Eine Schmerzgrenze wurde überschritten. Jeder weitere Ausfall der in 19“-Einschubtechnik aufgebauten analogen Antriebskaskade der Produktionslinie „Anlage17“ verursachte immer größere Produktionsausfälle.

Es wurden Fachleute gesucht, die sich mit dieser Regelungstechnik noch auskennen und dem Kunden helfen, sein Problem zu lösen. Der Herstellerservice konnte die Fehlerursache nicht finden. Die bangen Blicke lagen auf einem Schwenkrahmen, bestückt mit Analogtechnik, der für die Gleichlauf-, Geschwindigkeits- und Zugspannungsregelung der Anlagenantriebe zuständig war.

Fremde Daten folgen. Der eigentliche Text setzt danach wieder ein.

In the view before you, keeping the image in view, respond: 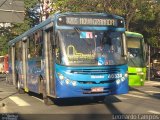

Selbst externe Hilfestellung von ehemaligen Fachleuten führte allenfalls zu Vermutungen, da sich keiner wagte, die bestehende Technik anzupacken.

Herr Kirsch

LAE | Industrie stellte sich dieser Verantwortung – vertreten durch Dieter Kirsch, Projektleiter und Arno Ziegler, Software Engineer.
„Es brannte unter den Nägeln – die Aufgabe bestand nun darin, die in die Jahre gekommene Analogtechnik funktionell durch neue Technik schnellstmöglich, mit kurzer Stillstandszeit, zu ersetzen und damit die geforderte Produktionsstabilität wieder herbeizuführen.“

Anlage 17 – die „kleine“ SIMOTION ersetzt im Verbund mit einer S7-300 SPS einen Schrank voller analoger Reglerkarten zur Antriebsgleichlaufsteuerung.
Herr Ziegler über die einzelnen Eckpunkte im Projekt Anlage17, das unter einem enormen Zeitdruck stand:

Die bestehende Steuereinheit S5 sollte durch eine S7 ersetzt werden.
Die Zugspannungsregelungen, Tänzerregelungen, sowie die Wickelsteuerung sollten auf der S7 realisiert werden und über ein HMI einstellbar sein.
Der Geschwindigkeitsgleichlauf im Heißbereich sollte über die SIMOTION abgebildet werden und ebenfalls über das HMI einstellbar sein.
Bis zur vollständigen Modernisierung sollten alle alten Signale wieder angebunden und auf dem bestehenden Bedienpult abgebildet werden.
„Alles im allem war das ein wirkliches spannendes Projekt für mich. Die Aufgaben im Einzelnen sind nicht sehr kritisch oder besonders anspruchsvoll, da wir diese schon des Öfteren umgesetzt haben. Doch die Konstellation aus neuem Kern und alter Peripherie bei enger Zeitschiene, stellte den besonderen Anspruch dieser Aufgabe dar, und es gab, nachdem man einmal angefangen hat – wie oft in solchen Situationen – keinen Weg zurück.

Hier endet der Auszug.